Perception is everything in business.

Even last week, while gadget bloggers and reviewers cooed over Nokia N9, which will run MeeGo 1.2, Elop made counter-marketing statements, making clear that a successful N9 would still be the end for MeeGo.

Elop's problem is leadership. He hasn't demonstrated nearly enough, and there Nokia's board is at fault for making him chief executive. Elop's idea of leadership is selling Nokia's soul to Microsoft and essentially letting Ballmer and his team take responsibility for software, services and crucial future research and development. It's a pitiful situation.

Elop should have taken leadership, and it's not rocket science to see where. I've randomly picked eight areas:

1. Expand Nokia's strategy of making dumb phones and feature phones smarter. Nokia's core market wasn't, and still isn't, smartphones, particularly in markets like India where until recently market share was about 70 percent. The company had already embarked on a strategy for bringing smartphone features to other handset categories. The concept was right, but the execution needed refinement, starting with moving new products to market faster (see #7).

2. Release some truly competitive smartphones -- not just hardware, but software and services. Again, the N9 and N950 show that Nokia was finally on the right track. Take a look at last week's tech blogger and reviewer N9 write-ups. They nearly universally are: "Wow, I'd buy this phone if MeeGo wasn't a dead end". Federal Communications Commission info on the N950 shows what an incredibly good smartphone it could be.

N9's muted enthusiasm shows that with the right marketing, and more importantly support from the chief executive's office, there was a hit in the making -- and one capable of turning negative perceptions positive.

3. Improved sync and services. Synchronization is the killer application for the connected era. But Nokia didn't get sync, or supporting services like contacts and mail, right. Ovi was good in concept -- not execution. But the April deal with Yahoo, for bulking up Ovi services was move in the right direction. I hear lots of complaints about how Nokia does good hardware but not software. Actually sync and cloud services are the problem, and it's one easily solved through the right partnership if not refocused development.

4. Reignited cameraphone marketing. Nokia has long shipped simply the best cameraphones in its high-end feature phones and smartphones. Carl Zeiss lenses, LED flashes, physical shutter buttons and more distinguished Nokia cameraphones long before Apple shipped one iPhone. In a way, Nokia brought great technology to market too early. The market is ripe for what Nokia has got.

5. Worked with developers to produce newer and better localized applications -- social networking, too. One of Nokia's platform strengths: Applications and services broadly available for specific regions and languages, particularly in Europe and emerging markets in Africa and Asia. Nokia should have spent Elop's first nine months supporting developers. The apps would be important for holding onto existing customers and migrating them to smarter Nokia handsets.

6. Broadly pushed out a mobile money service quickly. The other killer application for the connected era is mobile money. Nokia already has a mobile money strategy/service.

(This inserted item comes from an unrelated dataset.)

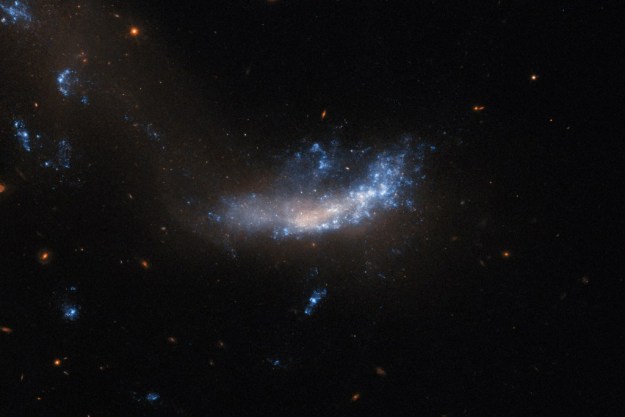See four dwarf galaxies merging into one in Hubble image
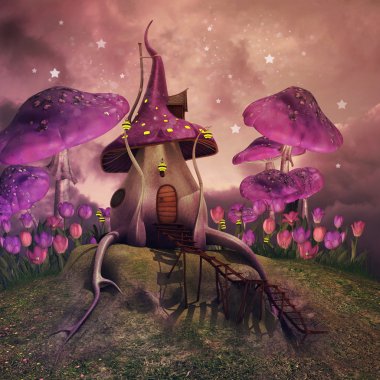 Fantezi mantar bir tepe üzerinde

The company should have pushed quickly to spreading its mobile payment/banking system across the install base, also working with some of the truly successful services spreading out of Africa.

7. Shortened product release cycles. Nokia takes too long from product announcement to handset availability. See my story from last week, for more on this one.

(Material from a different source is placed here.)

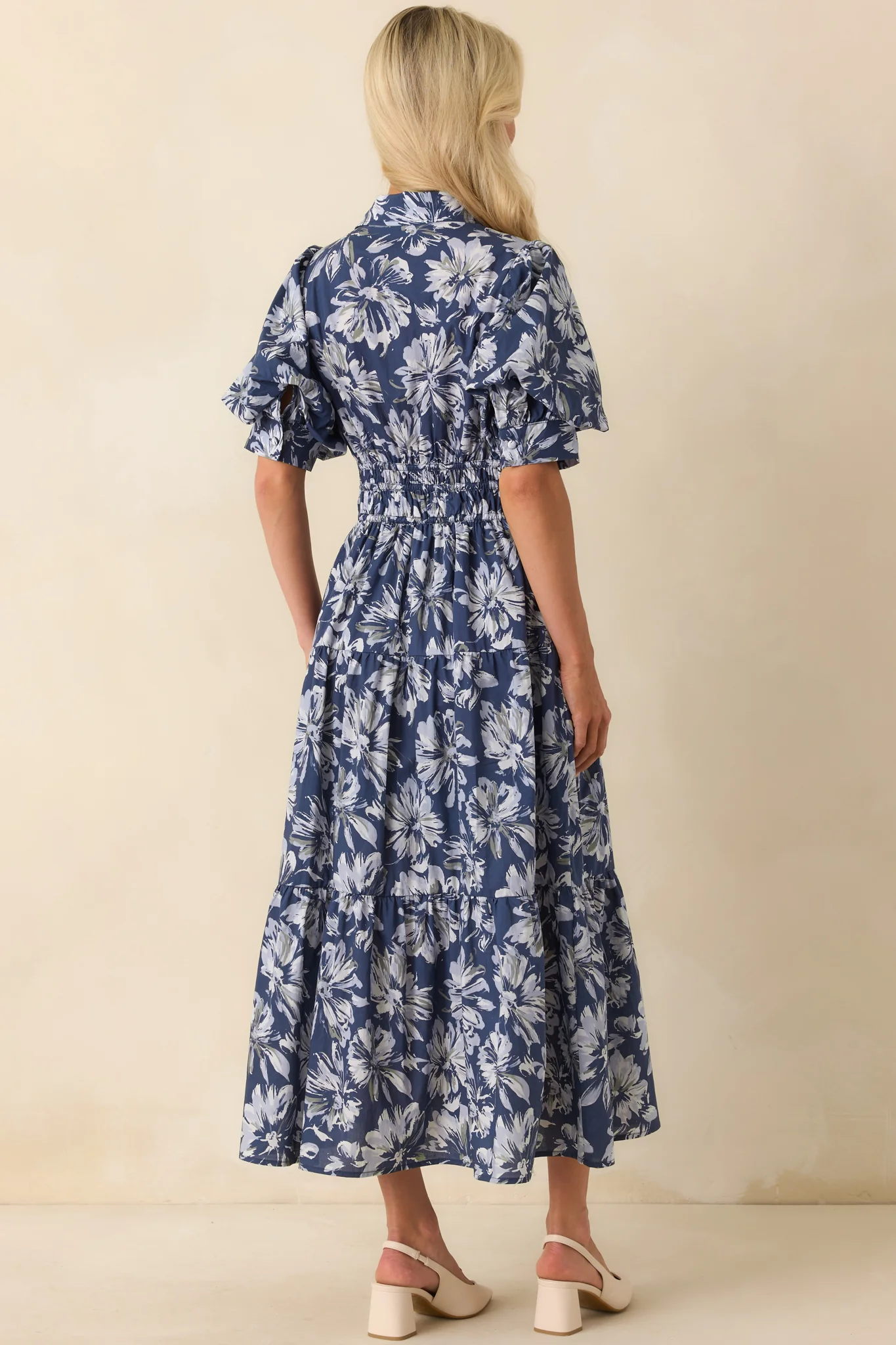 Slow Sundays Navy Floral Print Cotton Maxi Shirt Dress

8. Negotiated major US distribution deals for Nokia smartphones. Would this be so hard for a Canadian CEO to do? In doing so, do some aggressive Nokia marketing in North America.

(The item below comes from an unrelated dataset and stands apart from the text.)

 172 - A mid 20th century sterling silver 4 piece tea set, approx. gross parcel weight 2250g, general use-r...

The point: These all were strategies underway before the Elop era. Nokia had already started to realign in the right direction. The company simply needed a leader who could accelerate plans and get products and services to market faster. Instead, Elop derailed the Nokia Express to get the train on the Windows Mobile tracks. None of these existing assets could make a difference alone. They're all needed, with the right leadership behind them. Nokia hasn't got it.